All of the works explored in this review give the users textual feedback and some of them give visual feedback as well. The only exception is Chat2Vis [13], which, probably due to its recentness, is not yet integrated into a visualisation platform. Basically, textual feedback is used to inform or justify chatbot decisions to the users. Works such as [23][24][9][19] inform users about the success or failure of their queries. Moreover, Refs. [11][15][18][16][27] provide the users with informative feedback, additional explanations and follow-up questions to users to carry on the analysis. Furthermore, we explored related work that provided users with additional visual feedback, such as supplementary graphs with main visualisation or changes on filters on the UI that have been applied by the chatbot. V-NLIs such as [17][9][19][20][14][21][26][27] have visual feedback on the UI.
4. Discussion
Figure 6 shows the contrasted the results of the input characteristics of V-NLIs with how these systems deal with the data space stage in the visualisation pipeline. We found that most of the works allow the users to express only low-level queries, and those that consider high-level queries do so with simple data types (see Figure 6, signal a and b) and attributes, i.e., tabular data with numerical and nominal attributes. Moreover, independently of the user’s intents (low or high queries), all the examined V-NLIs contemplate simple data transformations (i.e., simple aggregations and statistical analysis such as correlations and logistic regressions). Note also that those simple data transformations have normally been incorporated into V-NLI systems that consider followup queries [8][9]. Few works provide users with help or recommendations based on the data type, which is currently mainly tabular data [9][10][11][26]. Regarding multimodality, most systems allow user–chatbot interaction combined with WIMP, but few of them allow touching [26][17][14][24] and only one work uses gestures [21].
Figure 6. Spider chart displaying the relationship between data types and input V-NLI characteristics.

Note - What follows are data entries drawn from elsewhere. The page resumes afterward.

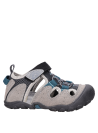 Calzado sintético gris para niño, cómodo y funcional, perfecto para explorar.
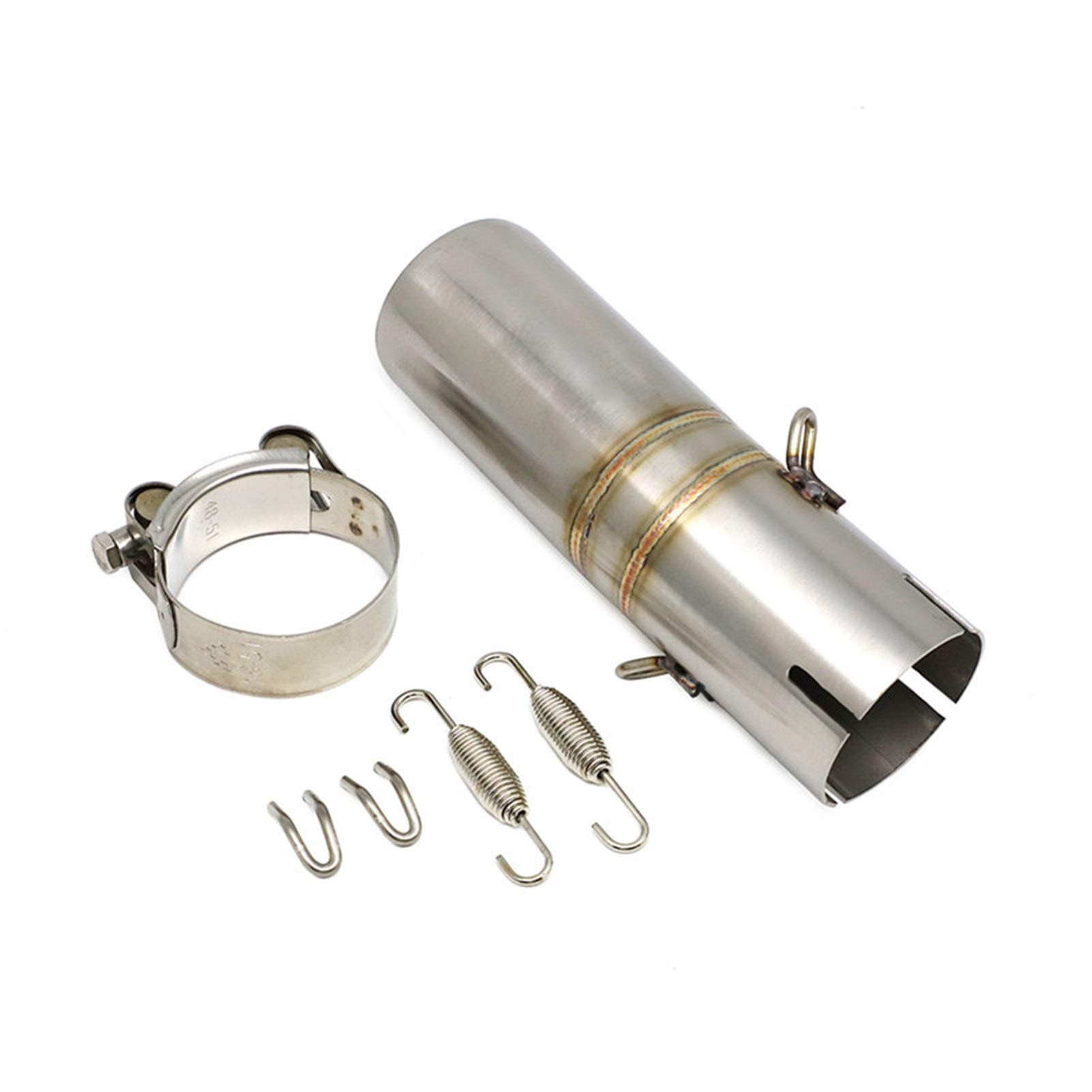 Buy Exhaust Muffler Link Pipe 51mm Motorcycle Slip On Exhaust Middle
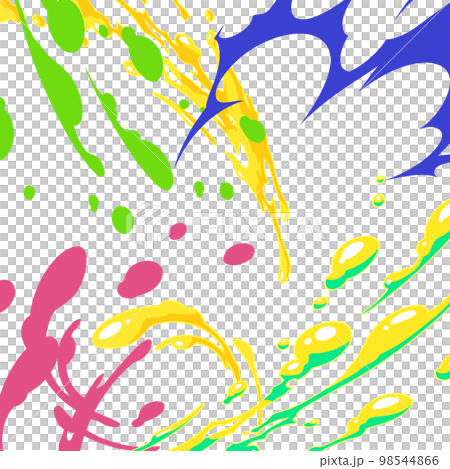 七彩潑水效果背景_1:1 98544866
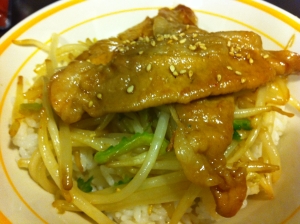 我が家の美味しい豚丼♪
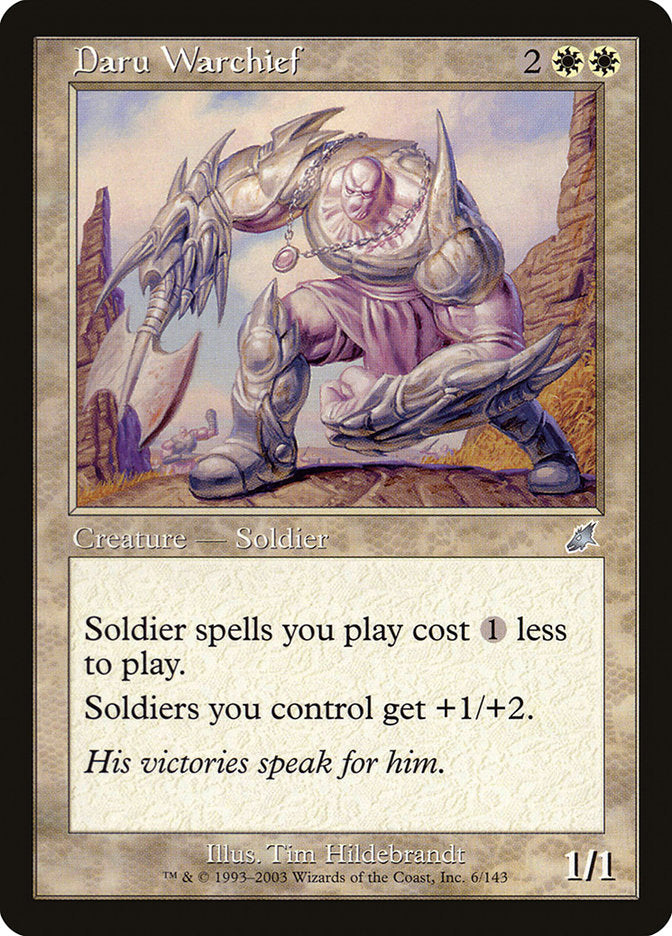 Daru Warchief [Scourge] | Webway Games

Figure 7 shows the scope of advanced and basic visualisations in both V-NLI and visualisation dimensions; see the borders in purple and green colour, respectively. As we can appreciate in the magenta- and blue-coloured polygons, V-NLIs that consider basic layouts embrace these dimensions in greater measure than those considering advanced layouts. Furthermore, the empty space of the spider reveals that there is a lot of room for research on different aspects of both basic and advanced visualisations in V-NLIs.
Figure 7. Spider chart displaying the relationship between Visual Space and V-NLI characteristics of analysed works.
Figure 8, both chatbot-based and form-based approaches cover a similar, short range of interactive methods—Filtering and Selecting being the most covered—including some values near zero, especially with chatbot-based approaches (see the complex interactions Abstract/Elaborate [27], Connect [23][24], Reconfigure [22], Explore [27] in yellow dots).
Figure 8. Spider chart displaying the relationship between the type of V-NLIs and interaction methods.